I own the Goldenear Triton 1s and they are fantastic speakers. I originally had the Triton 2s and I loved them and the only reason I sold them be sure the 1s came out. The 1s are fantastic speakers that I highly recommend. I'm a fan of Paradigm as well. Just my two cents


----------



## willis7469 (Jan 31, 2014)

I went to audition some Triton 1's today at my nearest dealer, one hour away. Found out when I got there they are appointment only! Doh...


Sent from my iPhone using Tapatalk


----------



## B- one (Jan 13, 2013)

willis7469 said:


> I went to audition some Triton 1's today at my nearest dealer, one hour away. Found out when I got there they are appointment only! Doh... Sent from my iPhone using Tapatalk



What? That stinks not sure I would bother going there again. Did they say why? It seems pretty easy to set up a pair of speakers in a showroom setting where they should be and hopefully doing it often if they want to be in business. You got the upgrade bug?


----------



## witchdoctor (Feb 21, 2016)

I recommend you keep your SVS L-C-R speakers and add SVS Prime or Ultra bookshelfs for your surrounds. Then add 4 more SVS book shelfs as front and rear height channels for an all immersive theater. Get a Marantz 7710 receiver with the Auro 3D and DTS-X firmware upgrades and you will be happy. Once you hear an immersive setup you will not want to go back to 7.0. SVS makes fine speakers, no need to dump your L-C-R channels unless they don't suit your taste. Talk to SVS to see which bookshelf is the better match.

I just noticed that SVS announced a new speaker the Prime Elevation speaker. You may want to consider 4 of those for your height channels instead of bookshelves.

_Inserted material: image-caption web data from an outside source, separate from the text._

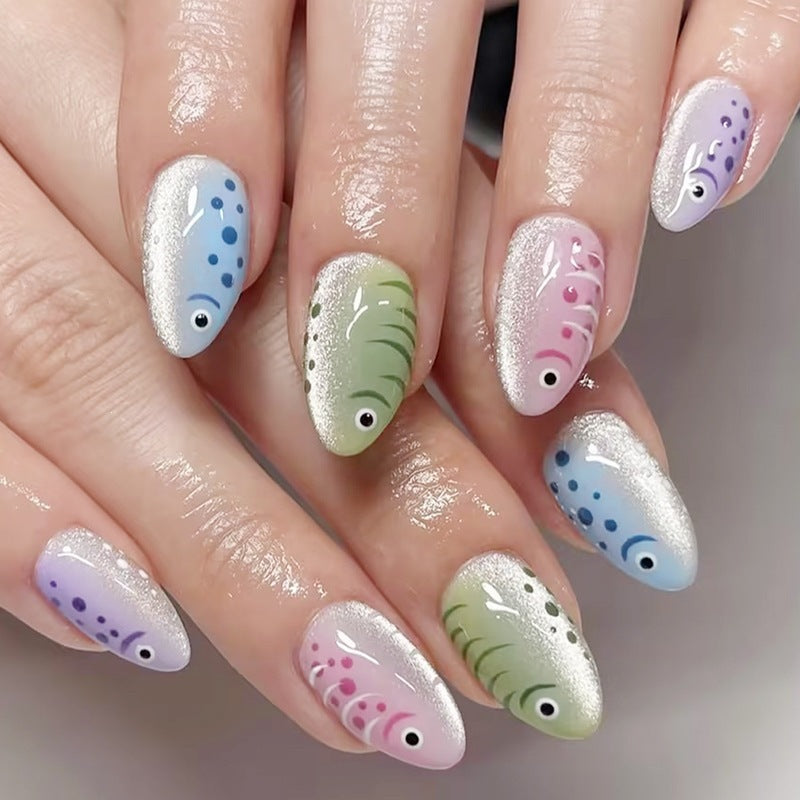 Creative nail art set with artistic patterns Bowlift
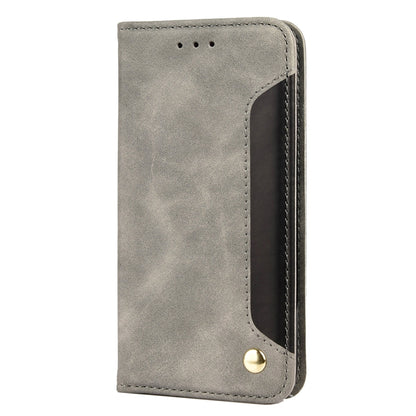 For iPhone SE 2022 / SE 2020 / 8 / 7 Skin Feel Splicing Leather Phone Case(Grey) by bashfashion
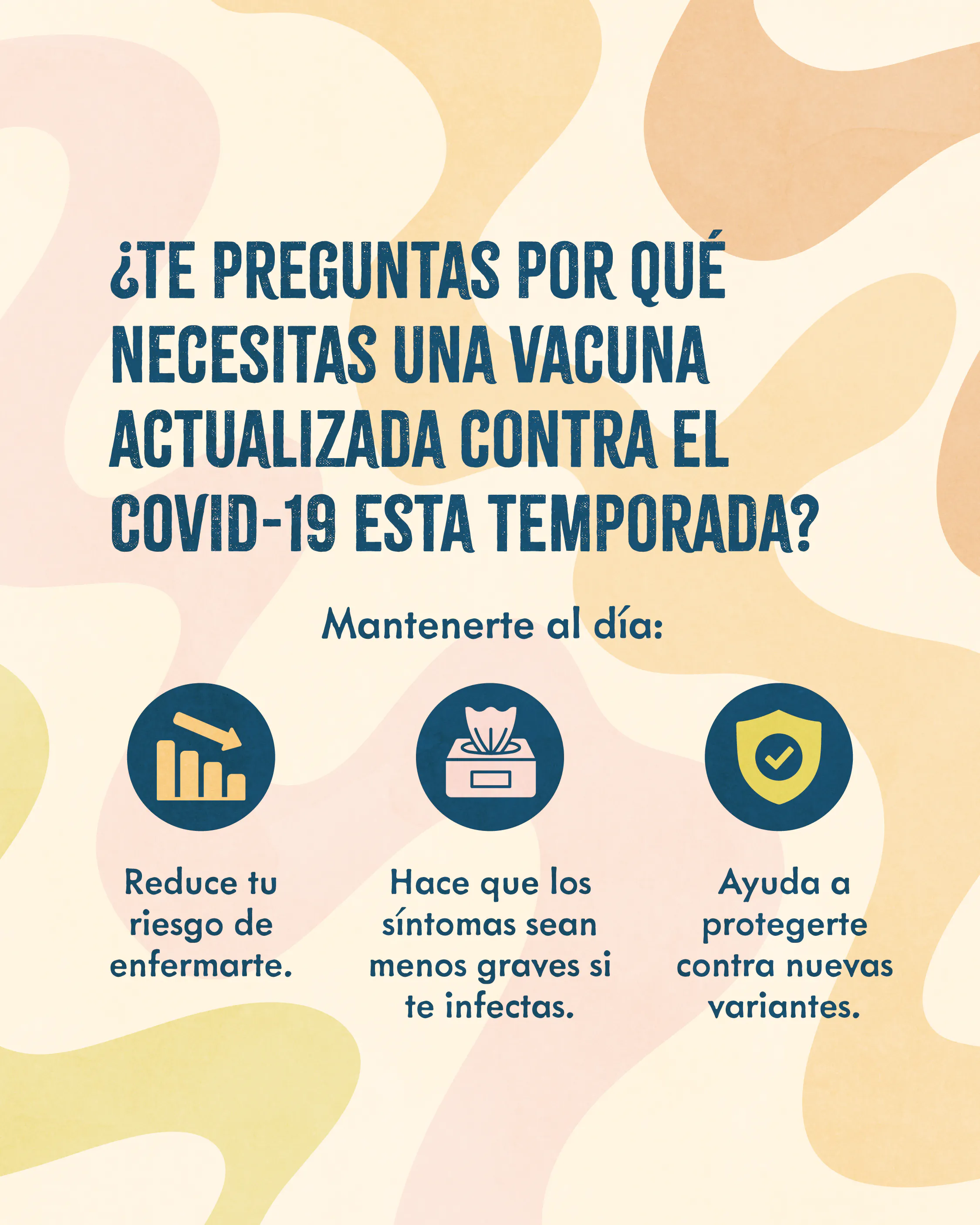 Estar al día con las vacunas contra el COVID-19 ayuda a mantenerte sano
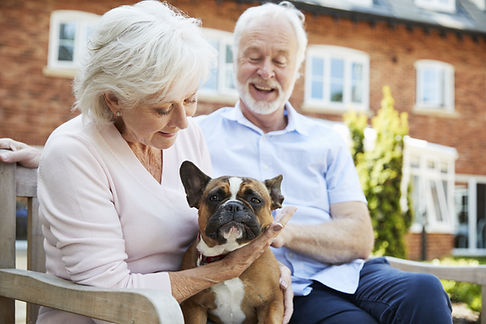 Couple with Dog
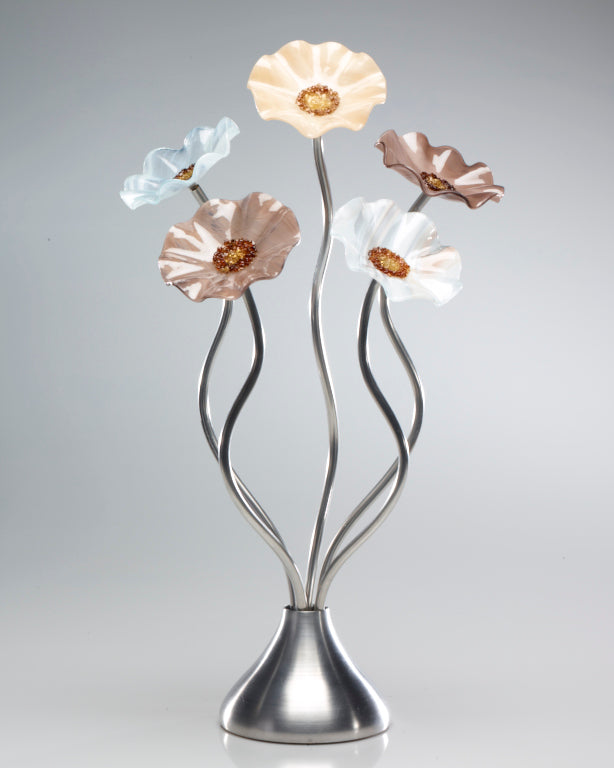 5 Flower Lincolnshire - Glass Flowers by Scott Johnson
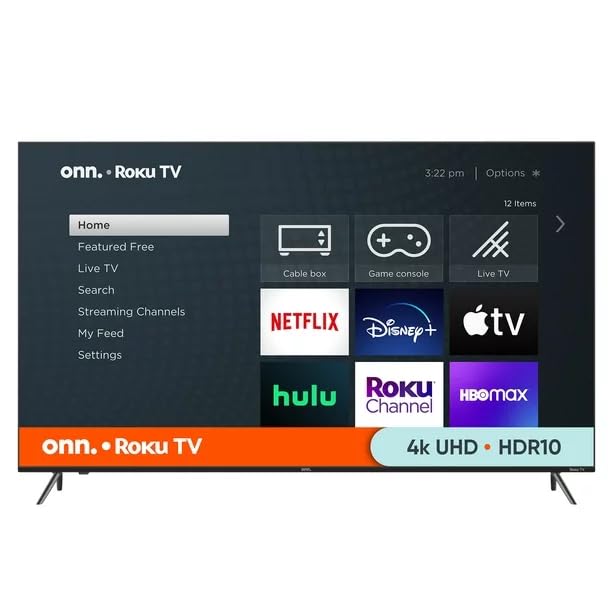 Televisión 75 Pulgadas ONN 4K UHD LED Smart TV con HDR Compatible con Alexa y Asistente Google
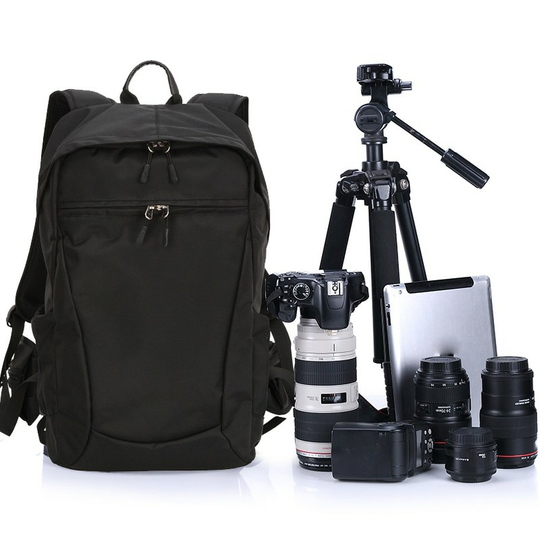 Plecak fotograficzny Careell na aparat i laptopa 15,6&quot; - Kolor: czarny
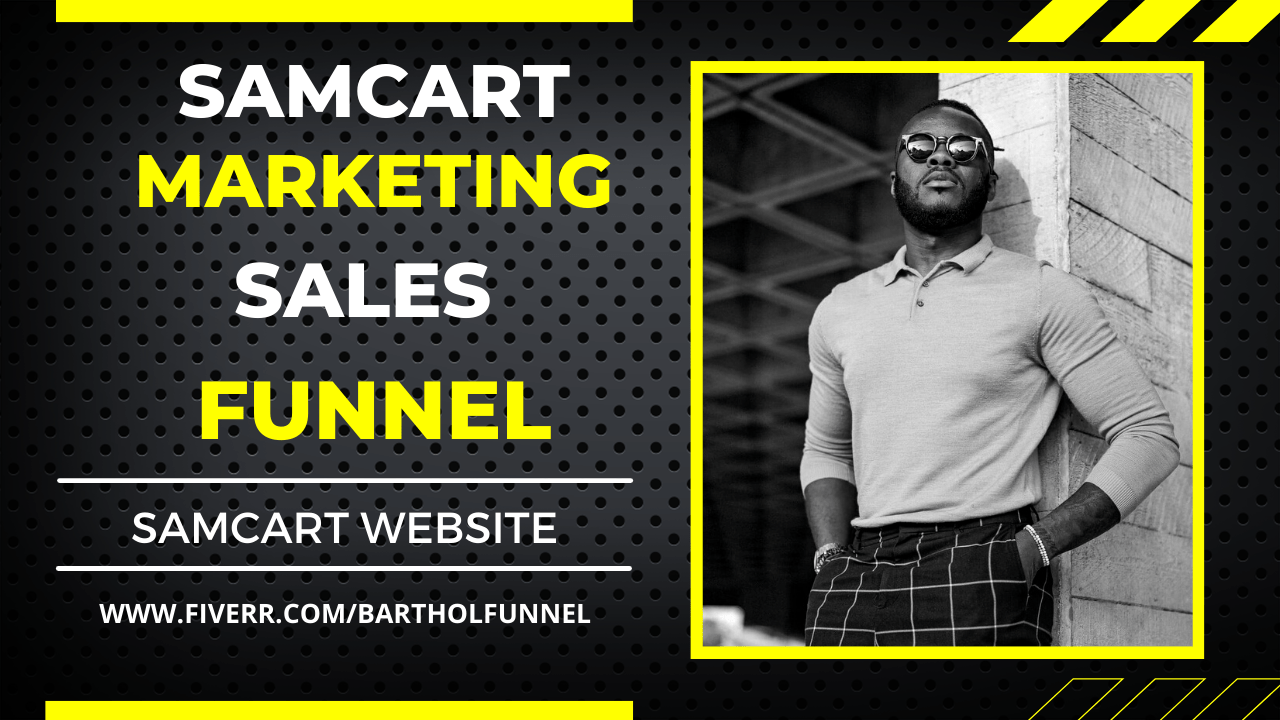 I will samcart sales funnel, landing page in samcart, sales funnel in samcart, FiverrBox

http://www.hometheatershack.com/for...prime-elevation-speaker-debut-ces-2016-a.html


----------



## theJman (Mar 3, 2012)

willis7469 said:


> I went to audition some Triton 1's today at my nearest dealer, one hour away. Found out when I got there they are appointment only! Doh...


So you're standing there in the showroom and they choose to have you walk away without an audition? An appointment for something like that is ridiculous in the first place, but then letting a potential customer walk away boggles the mind. :dontknow:


----------



## willis7469 (Jan 31, 2014)

theJman said:


> So you're standing there in the showroom and they choose to have you walk away without an audition? An appointment for something like that is ridiculous in the first place, but then letting a potential customer walk away boggles the mind. :dontknow:



Lol! I wish that were the case. Then I could have delivered a piece of my mind directly to the ear balls of a real person. What happened was, I found them online and since we visit this city regularly, I thought I'd seize an opportunity. I didn't realize they ONLY operate by appt. Seems unusual to me, but now I know I'll have to go farther. This was a big let down. Makes it easier to not sit and pine for them though! Lol


Sent from my iPhone using Tapatalk


----------



## willis7469 (Jan 31, 2014)

B- one said:


> What? That stinks not sure I would bother going there again. Did they say why? It seems pretty easy to set up a pair of speakers in a showroom setting where they should be and hopefully doing it often if they want to be in business. You got the upgrade bug?



It seems I'm the one in error. However, I will not be calling them in the future. 
And yes, I've been bitten by the upgrade bug. Bad!!! Tax season has me dreaming about upgrades, but I'm actually going to start with my subs. They'll be cheaper to upgrade, and I'll probably get to do them sooner. (Whisper...dual fv15hp...) I'd like to do a complete overhaul, but that's just not going to happen at once. Congrats again on your upgrade! Used you've been busy with it!


Sent from my iPhone using Tapatalk


----------



## Todd Anderson (Jul 24, 2009)

You definitely need to checkout the Tritons... I've heard them on several occasions. 

WOW.:TT


----------



## willis7469 (Jan 31, 2014)

Todd Anderson said:


> You definitely need to checkout the Tritons... I've heard them on several occasions.
> 
> 
> 
> WOW.:TT



Todd, I can't wait to get my ears on some. Back to OT I guess...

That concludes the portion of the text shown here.